— EXERCISE DETAILS —
In the data below, find the line with "2020 Hyundai Santa Fe Limited - Photo 9" and output it along with every later line, exactly, but not the pictures.

— EXTRACTED RECORDS —
-- -- --
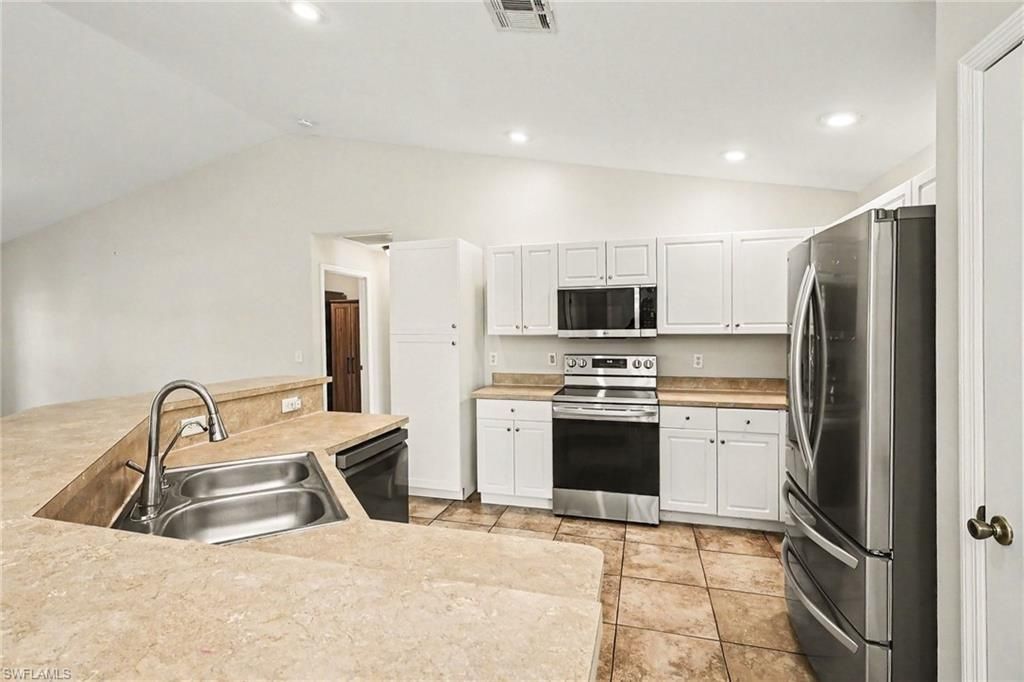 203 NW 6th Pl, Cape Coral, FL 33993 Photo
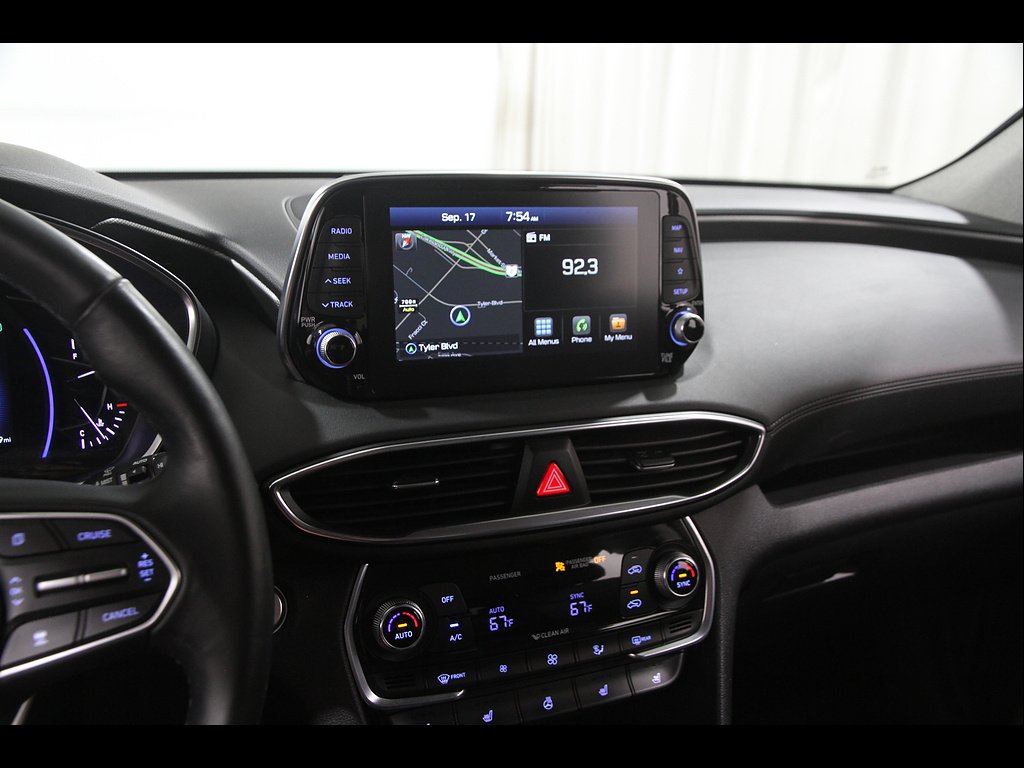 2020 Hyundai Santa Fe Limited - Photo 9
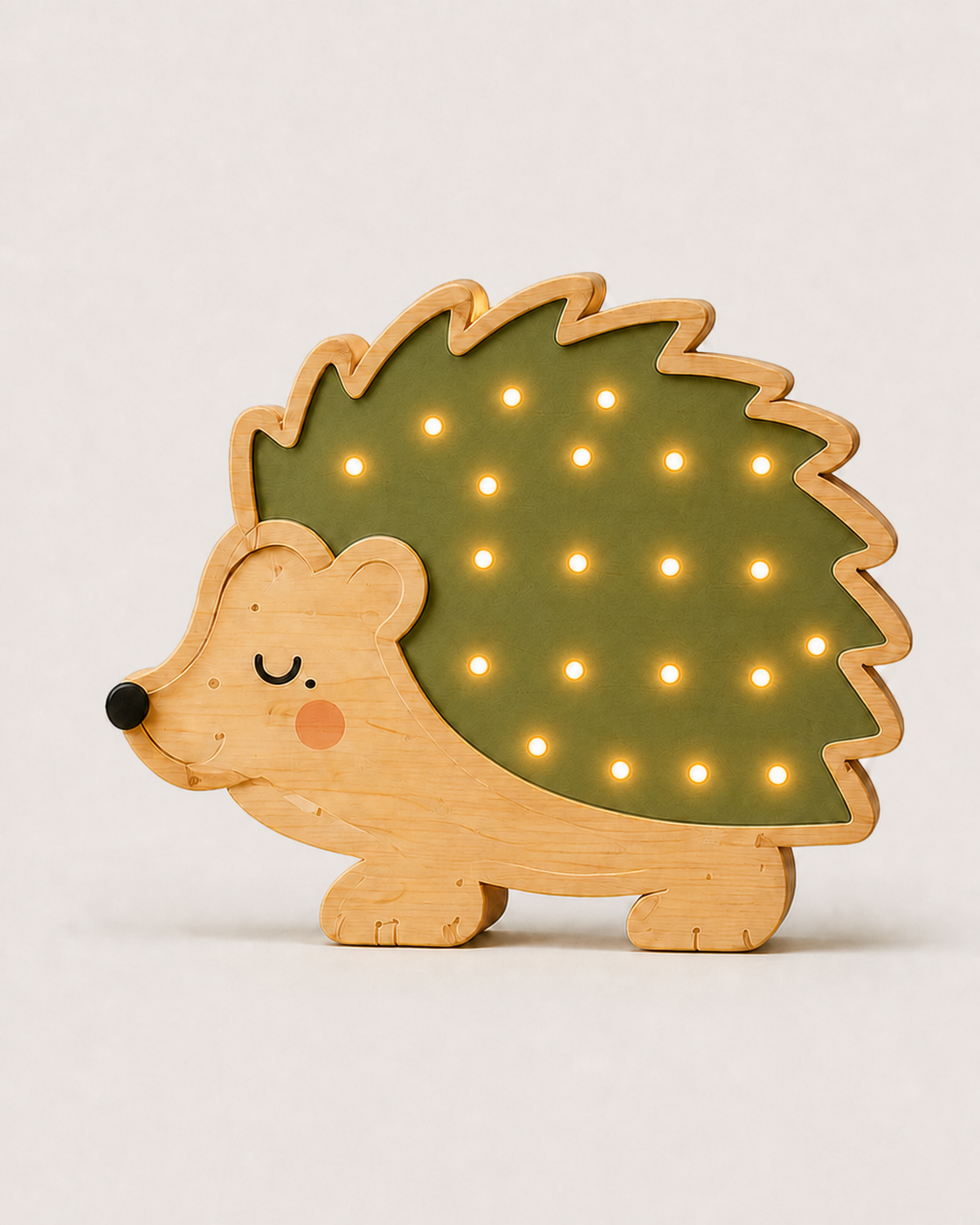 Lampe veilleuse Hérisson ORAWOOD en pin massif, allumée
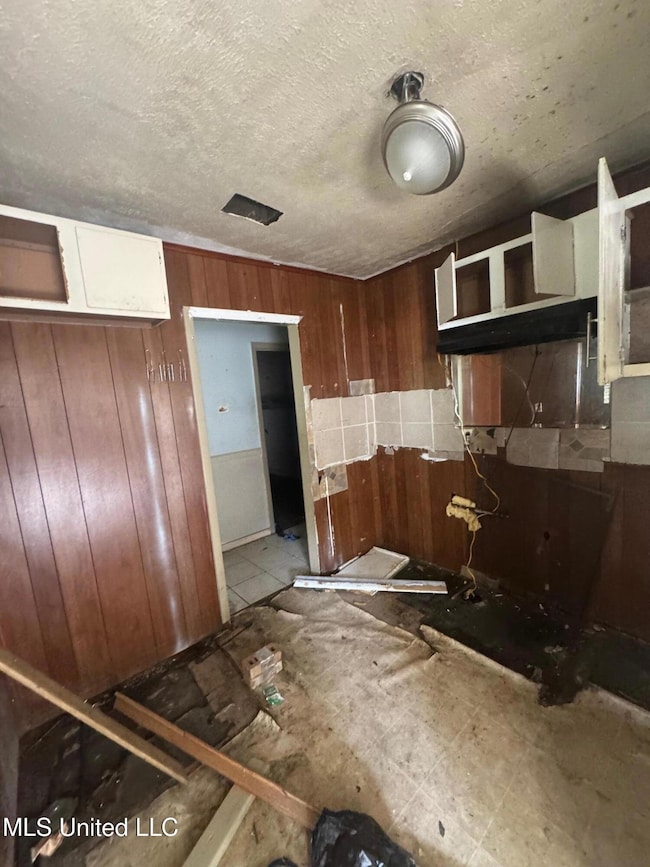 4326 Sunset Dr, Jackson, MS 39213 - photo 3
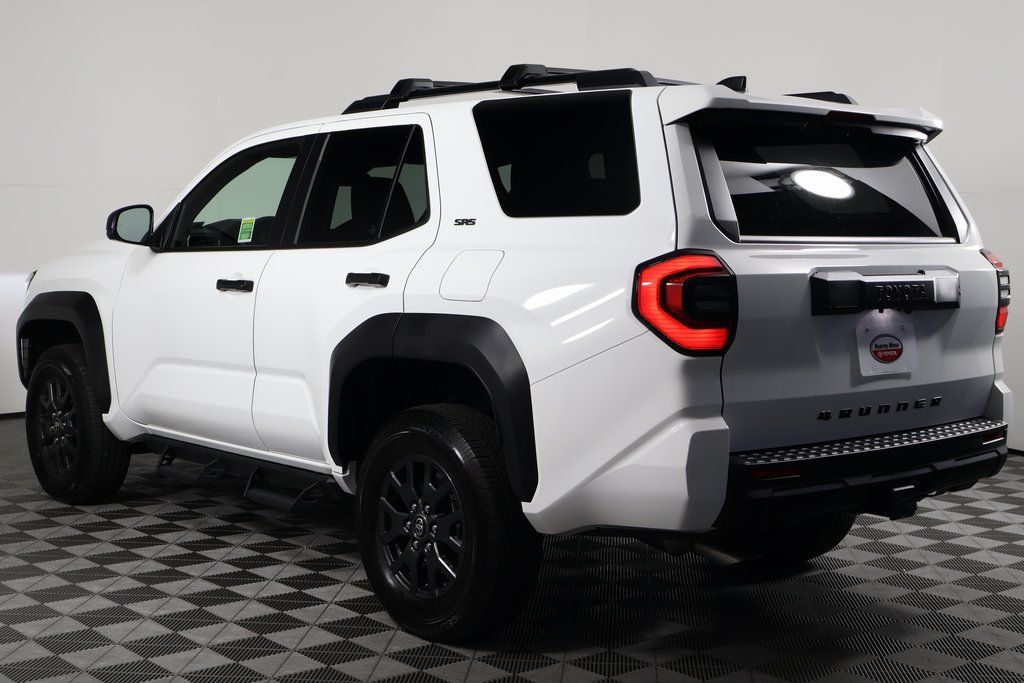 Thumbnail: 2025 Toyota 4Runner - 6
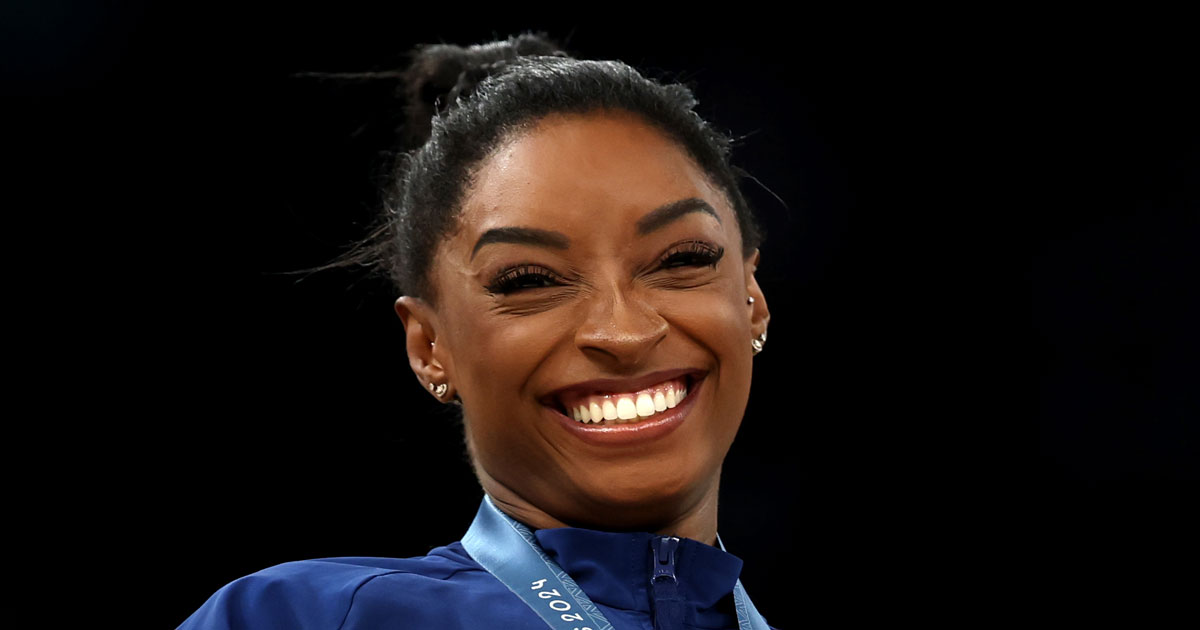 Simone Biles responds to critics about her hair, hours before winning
-- -- --
— TASK RESPONSE —
 2020 Hyundai Santa Fe Limited - Photo 9
 Lampe veilleuse Hérisson ORAWOOD en pin massif, allumée
 4326 Sunset Dr, Jackson, MS 39213 - photo 3
 Thumbnail: 2025 Toyota 4Runner - 6
 Simone Biles responds to critics about her hair, hours before winning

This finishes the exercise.